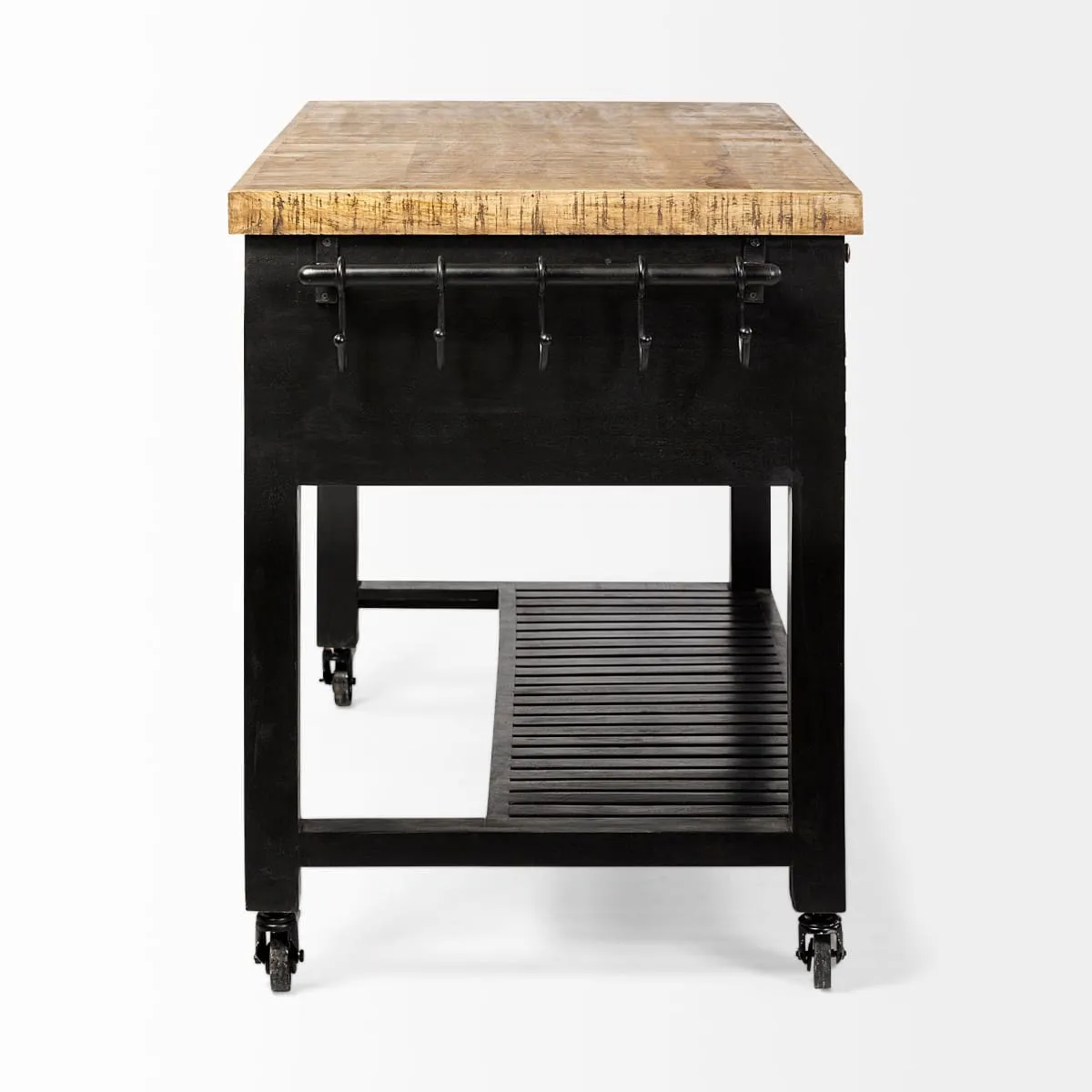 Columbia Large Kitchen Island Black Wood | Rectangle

········

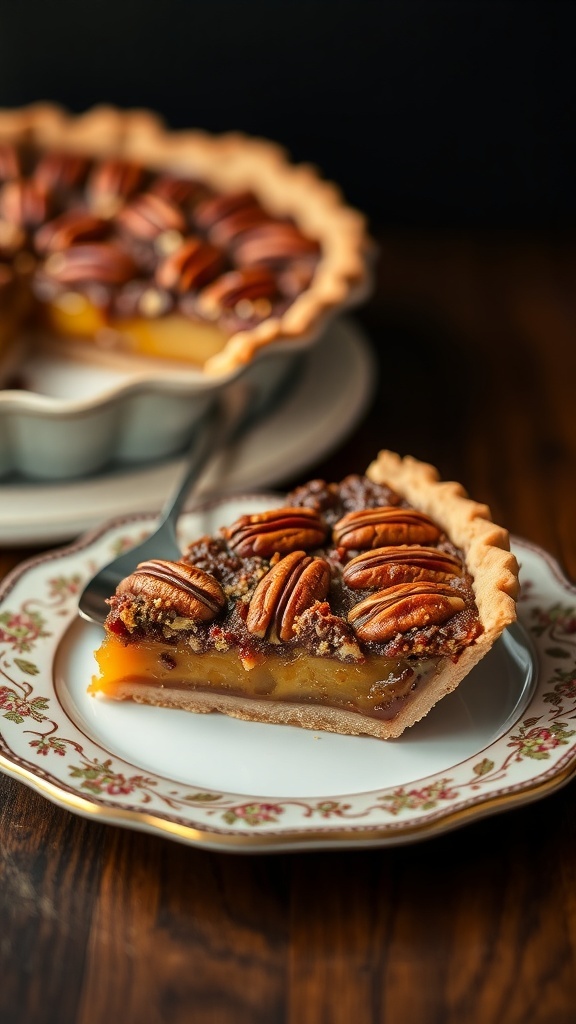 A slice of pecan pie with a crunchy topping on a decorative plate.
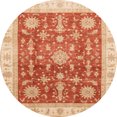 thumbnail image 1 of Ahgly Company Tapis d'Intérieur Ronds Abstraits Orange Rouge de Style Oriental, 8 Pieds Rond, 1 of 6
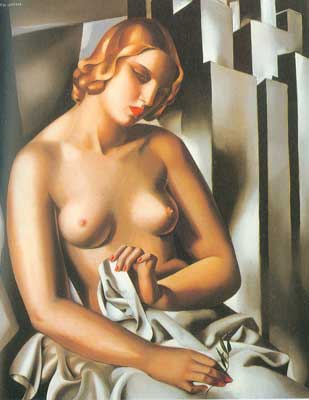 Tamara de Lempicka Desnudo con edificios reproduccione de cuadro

········

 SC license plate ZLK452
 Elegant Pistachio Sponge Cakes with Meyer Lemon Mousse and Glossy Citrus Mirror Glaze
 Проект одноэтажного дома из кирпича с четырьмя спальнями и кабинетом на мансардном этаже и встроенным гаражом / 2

········

» PROBLEM REQUIREMENTS
Take the entries above and copy exactly the lines starting at the one with "thumbnail image 1" and ending at the one with "Tamara de Lempicka"; nothing outside that span, and no pictures.

» YOUR RESPONSE
 thumbnail image 1 of Ahgly Company Tapis d'Intérieur Ronds Abstraits Orange Rouge de Style Oriental, 8 Pieds Rond, 1 of 6
 Tamara de Lempicka Desnudo con edificios reproduccione de cuadro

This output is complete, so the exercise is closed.